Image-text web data
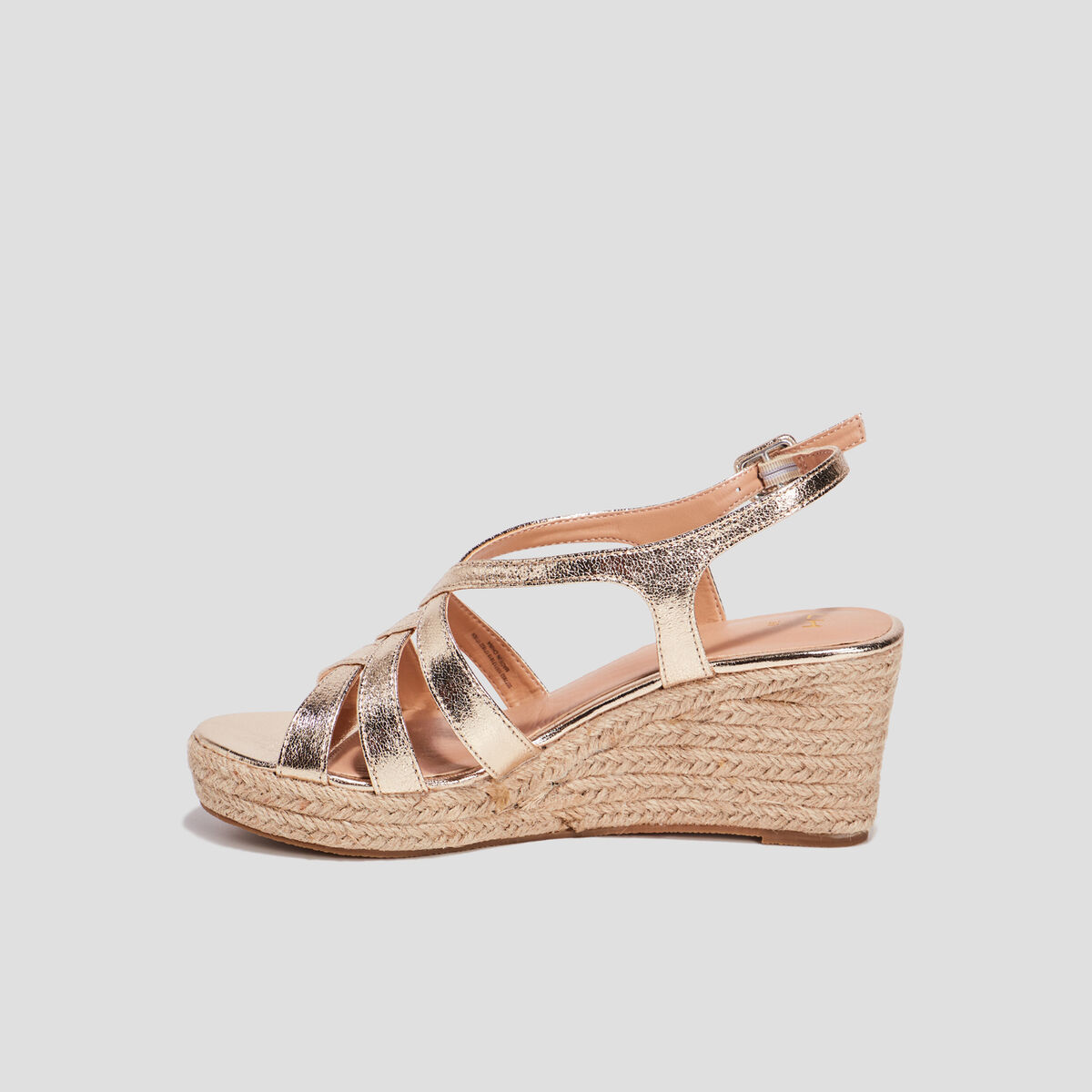 Sandales compens&eacute;es brides crois&eacute;es jaune or femme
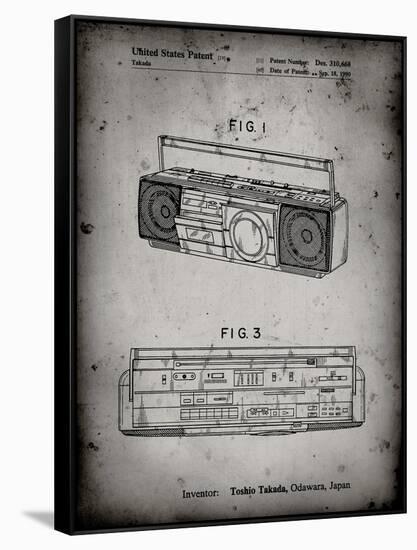 PP752-Faded Grey Boom Box Patent Poster-Cole Borders-Framed Stretched Canvas
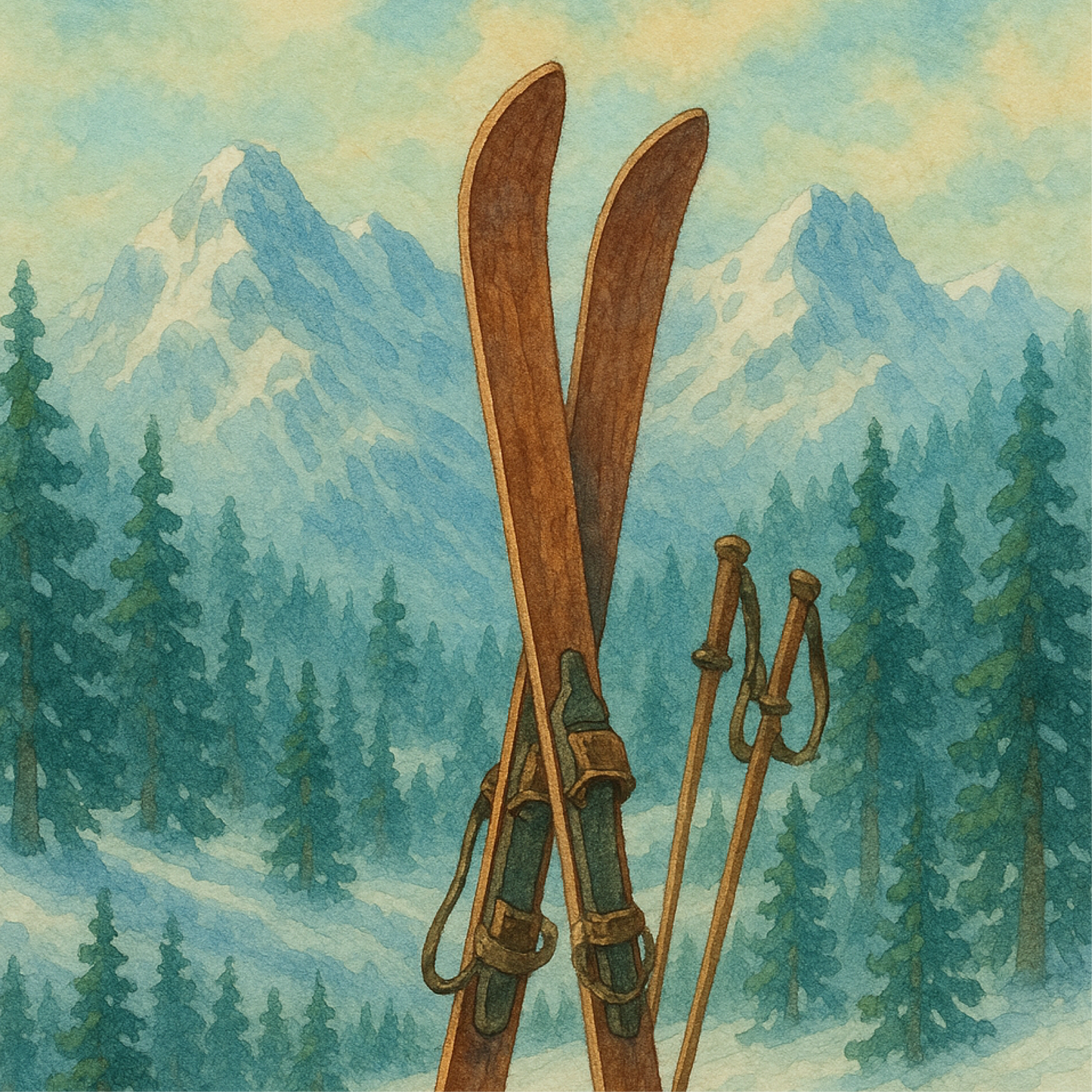 Vintage Skis Wooden Puzzle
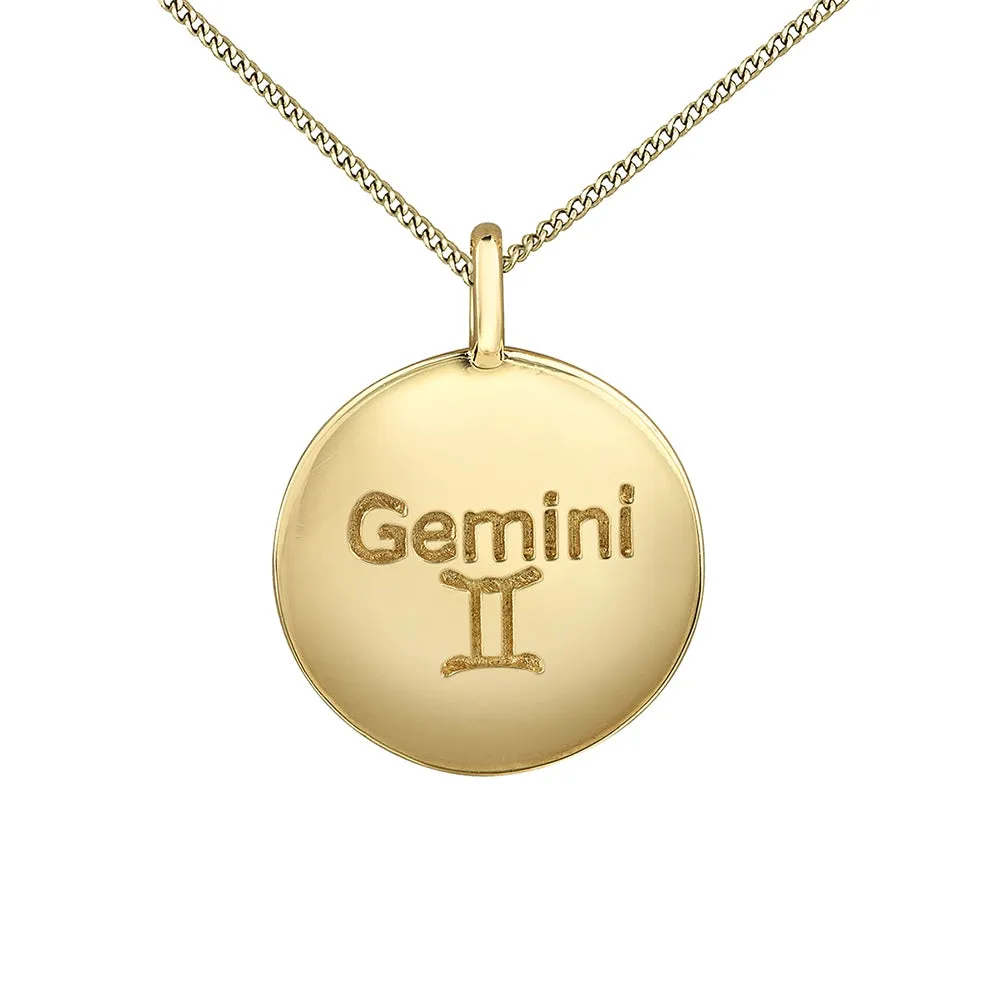 Diamond and Yellow Gold Zodiac Sign Pendant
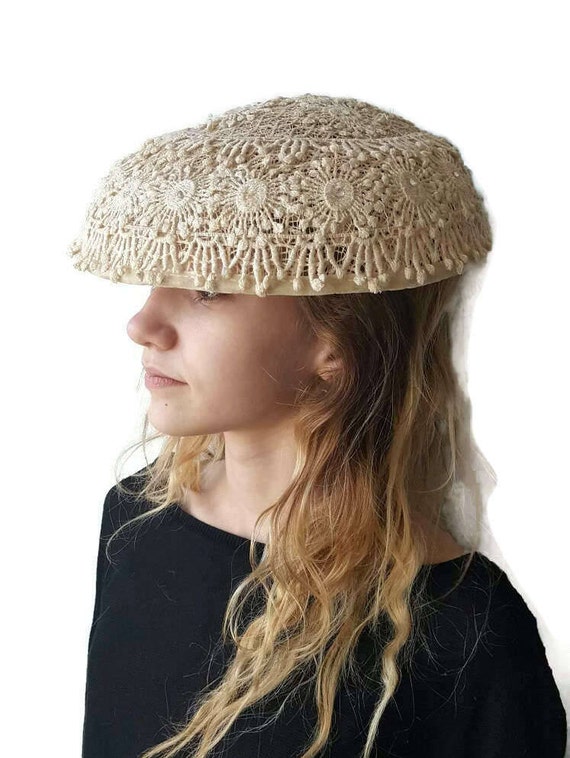 1940s Lace Platter Hat, White Victorian Hat, Vinta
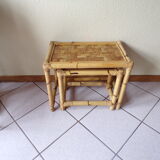 Pair of tables pull out bamboo vintage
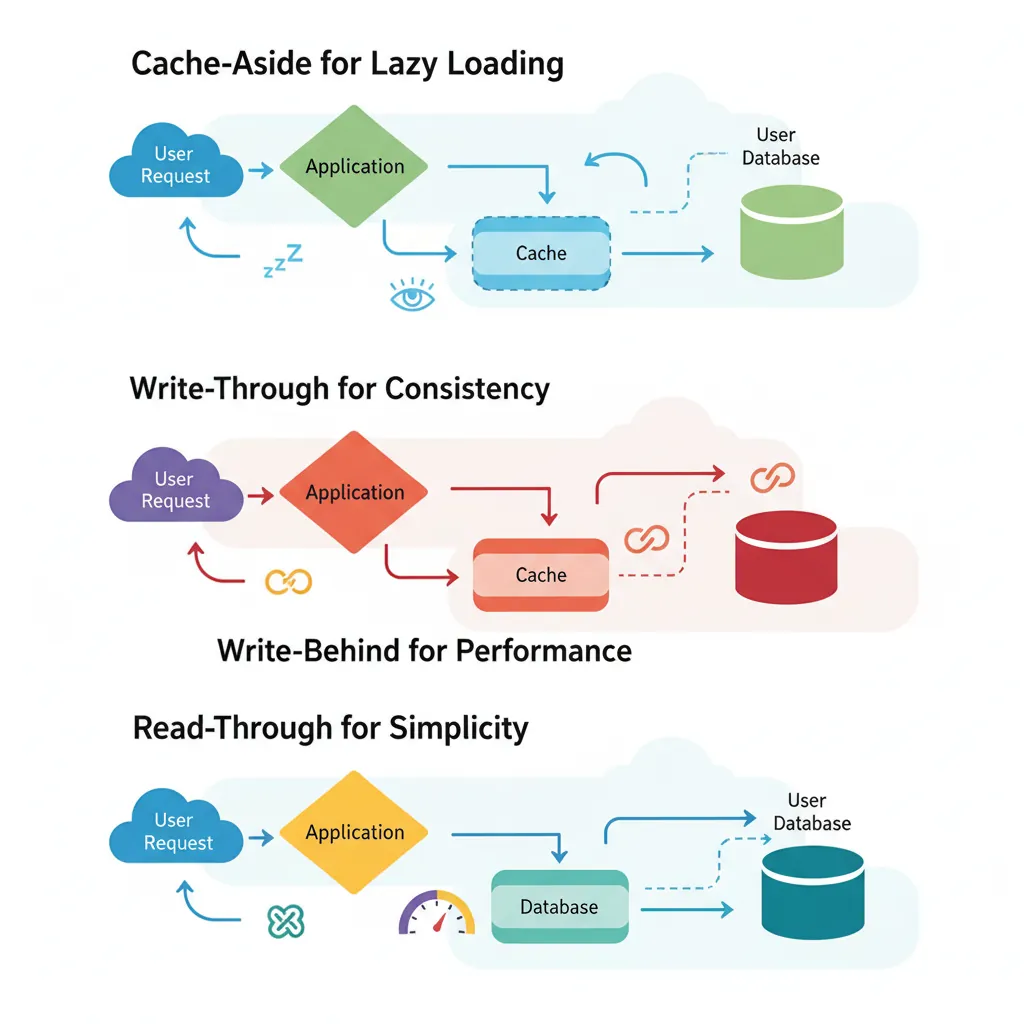 Caching pattern comparison showing Cache-Aside, Write-Through, Write-Behind, and Read-Through strategies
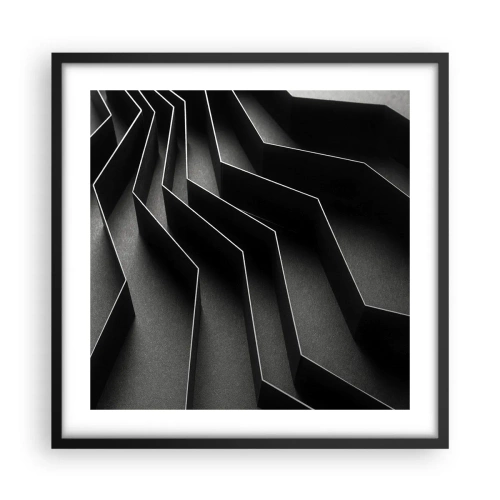 Affiche dans un cadre noir - Poster - Ordre spatial - 50x50 cm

Directions — Above are the entries; write them out again exactly, omitting the pictures.

Answer box —
 Sandales compens&eacute;es brides crois&eacute;es jaune or femme
 PP752-Faded Grey Boom Box Patent Poster-Cole Borders-Framed Stretched Canvas
 Vintage Skis Wooden Puzzle
 Diamond and Yellow Gold Zodiac Sign Pendant
 1940s Lace Platter Hat, White Victorian Hat, Vinta
 Pair of tables pull out bamboo vintage
 Caching pattern comparison showing Cache-Aside, Write-Through, Write-Behind, and Read-Through strategies
 Affiche dans un cadre noir - Poster - Ordre spatial - 50x50 cm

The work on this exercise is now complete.